#### [Problem details]
Copy each line below exactly as it appears. Pictures are to be omitted.

#### [Dataset content]

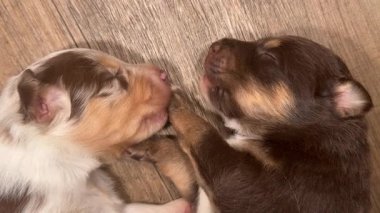 İki köpek yavrusu tahta bir zeminde uyuyor. Bir tanesi kahverengi ve beyaz. Diğeri kahverengi ve siyah.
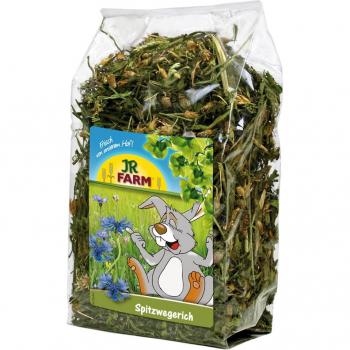 JR Farm Llantén - 500 g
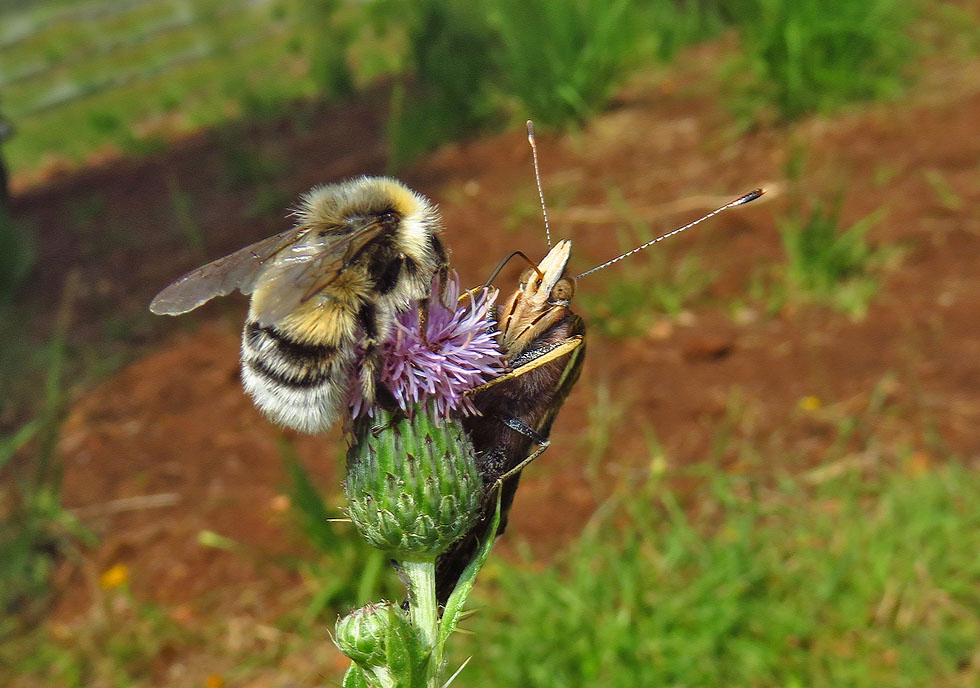 Hummel und Admiral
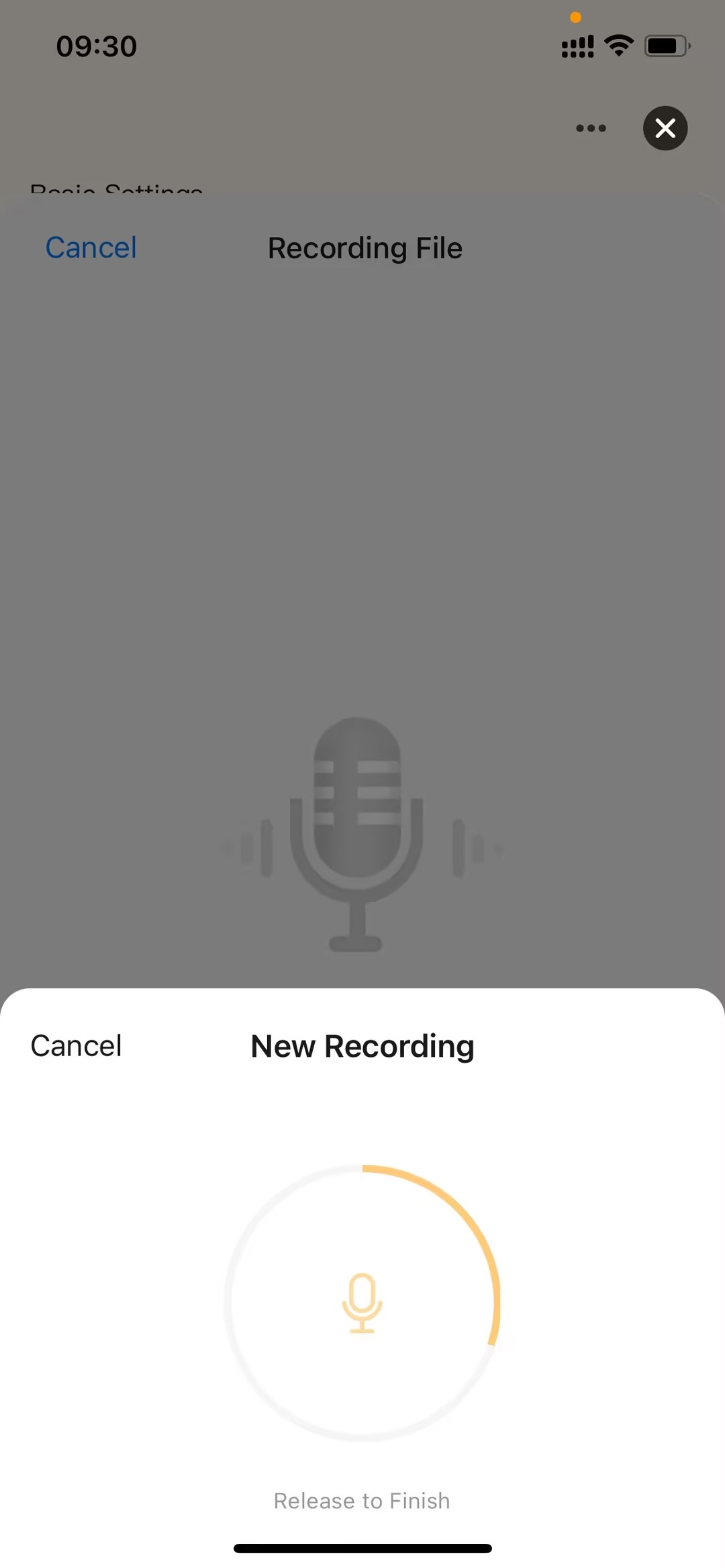 Highlighted Video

#### [Response]
 İki köpek yavrusu tahta bir zeminde uyuyor. Bir tanesi kahverengi ve beyaz. Diğeri kahverengi ve siyah.
 JR Farm Llantén - 500 g
 Hummel und Admiral
 Highlighted Video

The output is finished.